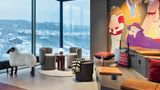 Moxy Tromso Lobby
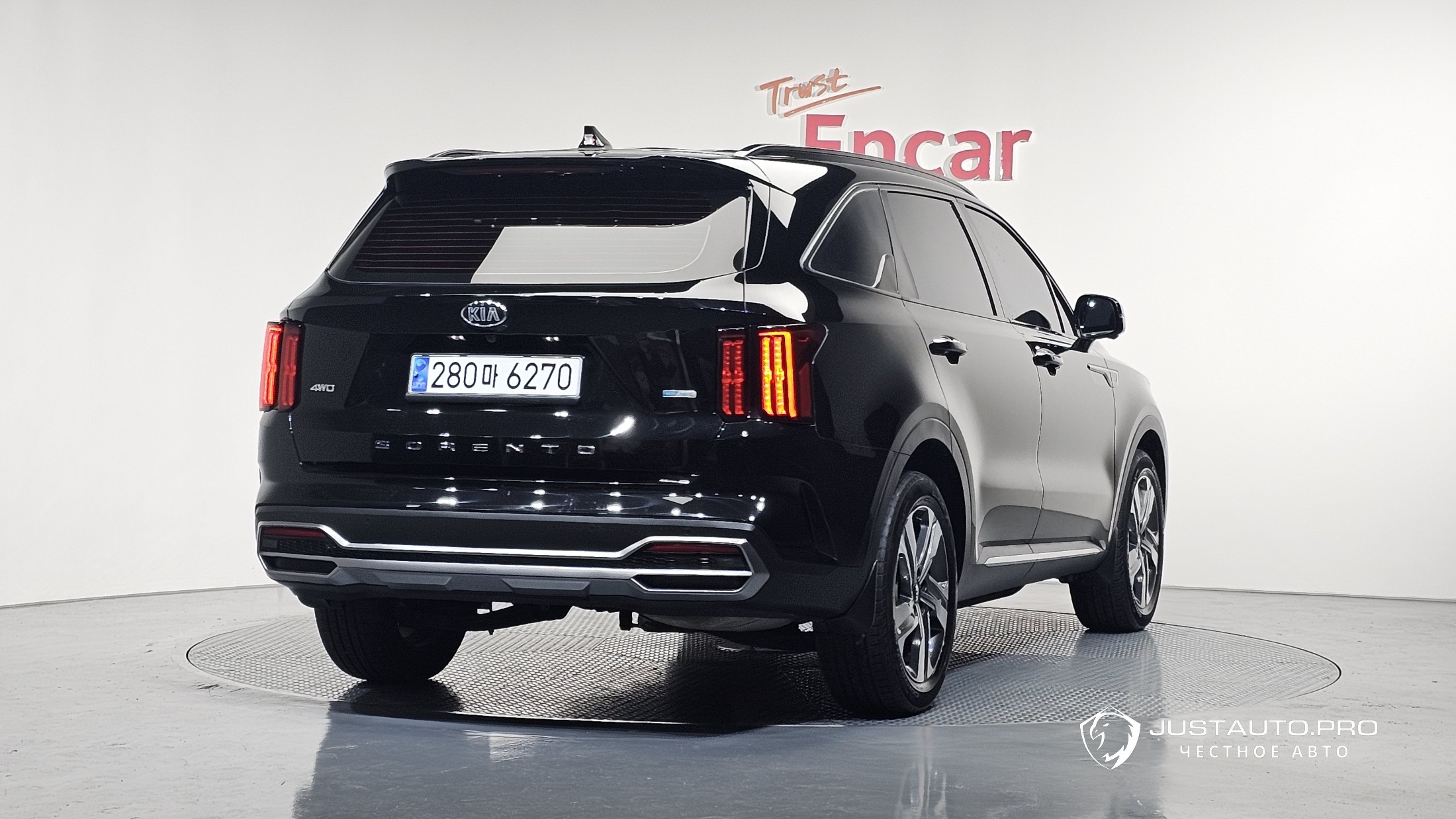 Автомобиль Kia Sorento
--*--
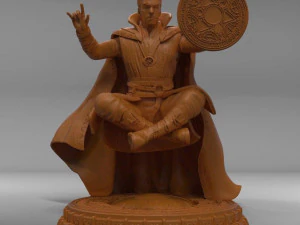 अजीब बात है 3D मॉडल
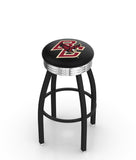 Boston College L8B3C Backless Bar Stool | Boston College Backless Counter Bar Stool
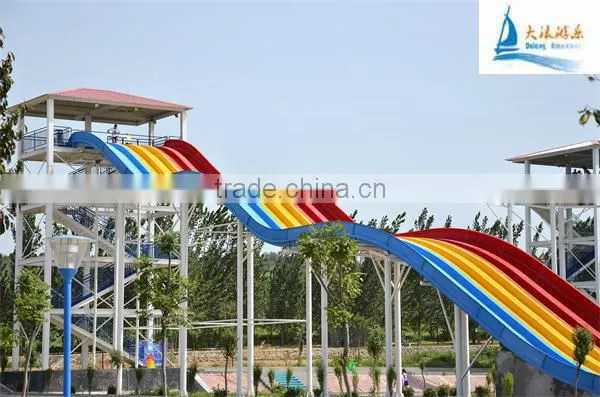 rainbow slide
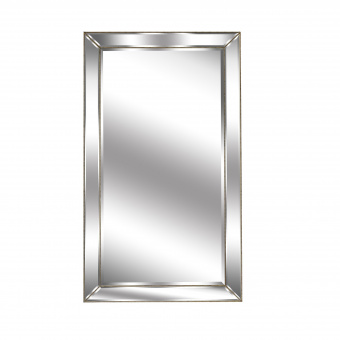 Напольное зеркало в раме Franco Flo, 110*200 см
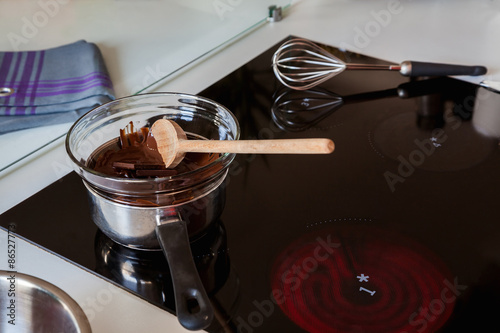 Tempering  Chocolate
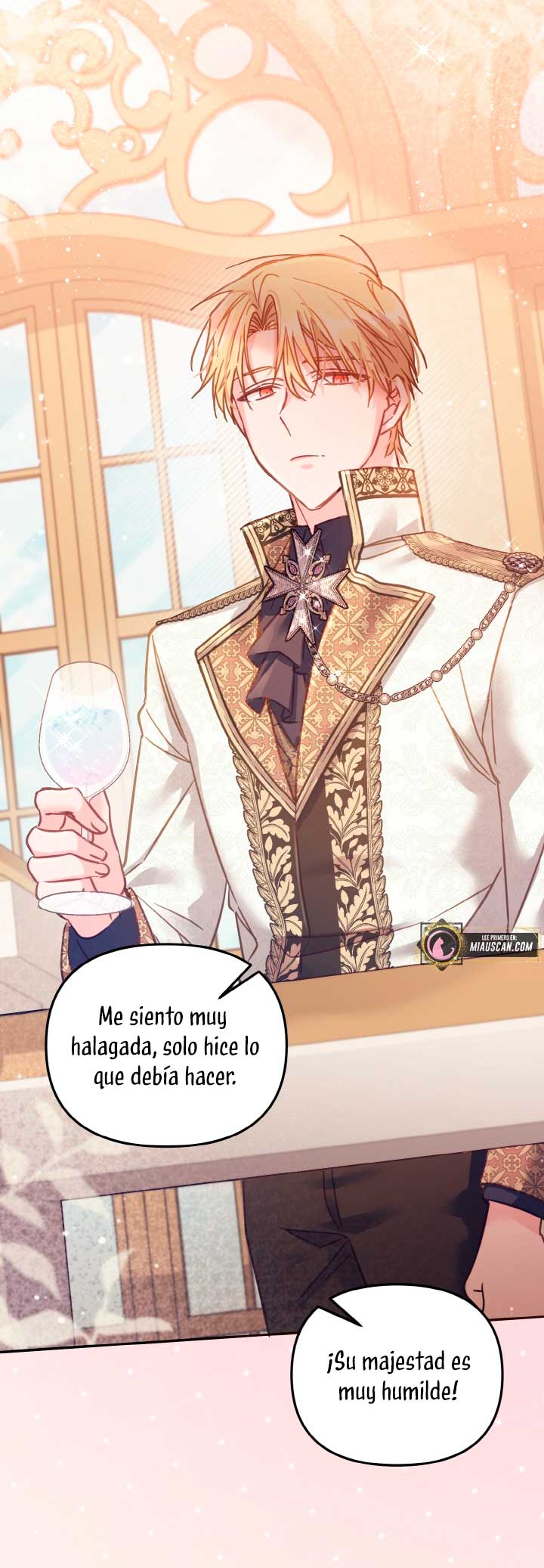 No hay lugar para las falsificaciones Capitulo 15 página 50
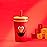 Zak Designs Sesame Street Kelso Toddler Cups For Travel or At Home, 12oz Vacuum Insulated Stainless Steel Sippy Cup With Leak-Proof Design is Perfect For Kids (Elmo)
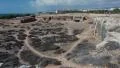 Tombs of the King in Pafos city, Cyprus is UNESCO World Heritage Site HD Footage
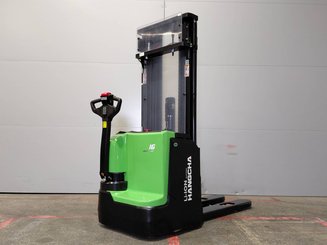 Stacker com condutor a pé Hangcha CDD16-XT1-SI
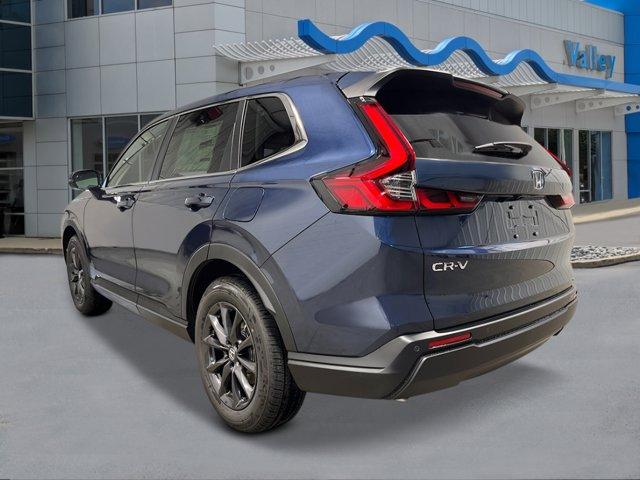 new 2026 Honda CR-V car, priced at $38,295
--*--
* **WORK INSTRUCTIONS**
Your answer must be the exact lines from the records above, from the one containing "No hay lugar" through the one containing "new 2026 Honda CR-V car, priced at $38,295", both included, with every picture left out.

* **ANSWER TO THE EXERCISE**
 No hay lugar para las falsificaciones Capitulo 15 página 50
 Zak Designs Sesame Street Kelso Toddler Cups For Travel or At Home, 12oz Vacuum Insulated Stainless Steel Sippy Cup With Leak-Proof Design is Perfect For Kids (Elmo)
 Tombs of the King in Pafos city, Cyprus is UNESCO World Heritage Site HD Footage
 Stacker com condutor a pé Hangcha CDD16-XT1-SI
 new 2026 Honda CR-V car, priced at $38,295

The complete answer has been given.